9.5 – Fisher exact test

Introduction

We mentioned that chi-square tests for contingency tables are fine as long as two conditions are met. These are the assumptions of a \chi^2 test.

  1. No cell should have expected values less than 5%.
  2. The test performs poorly at DF = 1 because we are approximating an infinite distribution with an exact test.

You will note that any time you have a 2X2 table, the second condition is always an issue because 2X2 tables have DF=1. Thus, in biomedical research, it is common to have an experiment that may be appropriate for a contingency analysis but the data may suffer from one or both of these limitations. Fisher’s exact test is always an option for these types of problems, but with the advantage that it always returns the exact p-value.
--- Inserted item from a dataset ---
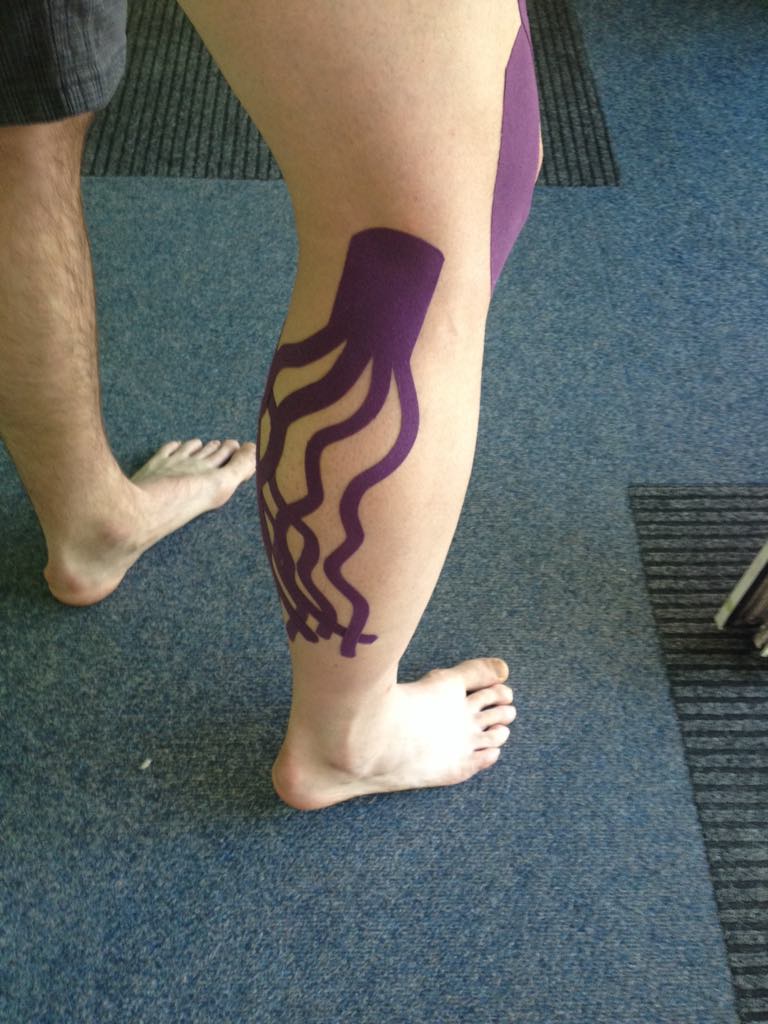 Kineziotaping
A reminder, the 2×2 table looks like

Table 1. 2×2 table reporting numbers of subjects who have (Yes) or do not have (No) the event.

Column 1 Column 2
Subjects Yes No
Row 1 Treatment 1 a b
Row 2 Treatment 2 c d

where a is the count of Treatment 1 – treated subjects who have the event, b is the count of Treatment 1 – treated subjects who do not have the event, c is the count of Treatment 2 – treated subjects who have the event, d is the count of Treatment 2 – treated subjects who do not have the event. Note the row and column totals:

    \begin{align*} Row1 = a + b\\ Row2 = c + d\\ Column1 = a + c\\ Column2 = b + d \end{align*}

For example, a fairly common, “Gee, that’s curious,” fact is the seven left-handed US Presidents since 1901 (21), is higher than the proportion of left-handers in the general population (about 10%). For comparison, we could ask the same question about Vice Presidents.†

Subjects Yes No
Presidents 7 14
Vice presidents 5 20

†Seven Vice-Presidents went on to become President, four right-handers, 3 left-handers.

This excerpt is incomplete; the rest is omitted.